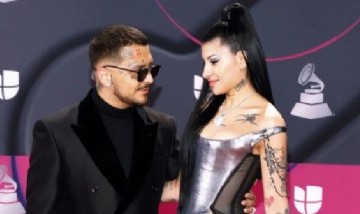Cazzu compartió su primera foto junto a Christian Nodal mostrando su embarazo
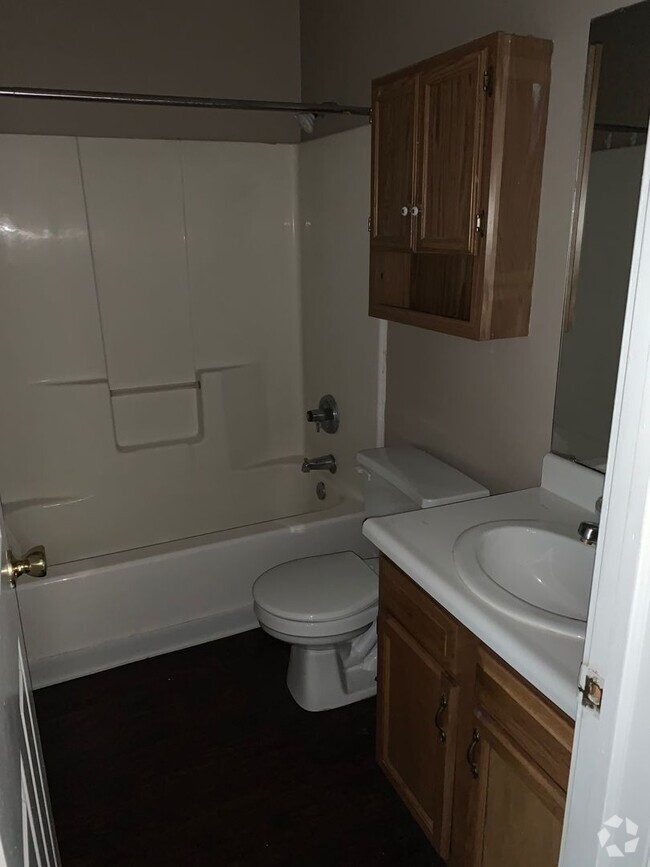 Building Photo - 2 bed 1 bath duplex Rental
= = = =
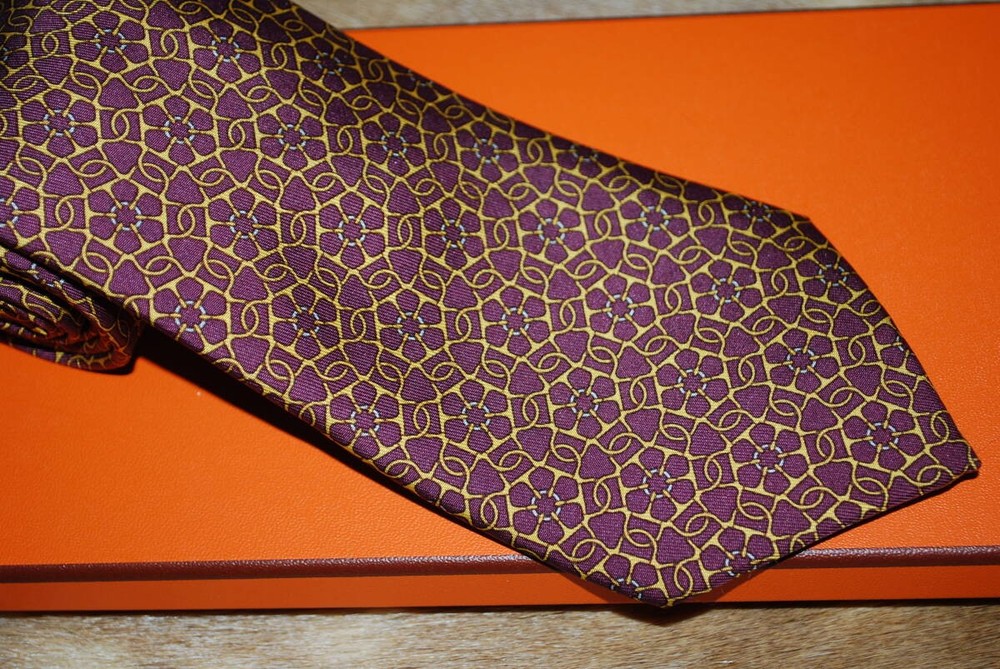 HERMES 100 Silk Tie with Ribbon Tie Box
= = = =
TASK ▸ Look above for the line with "Cazzu compartió su" and the line with "Building Photo - 2 bed 1 bath duplex Rental", then restate exactly those two lines and all lines between them, with no pictures.

RESPONSE TO THIS TASK ▸
Cazzu compartió su primera foto junto a Christian Nodal mostrando su embarazo
 Building Photo - 2 bed 1 bath duplex Rental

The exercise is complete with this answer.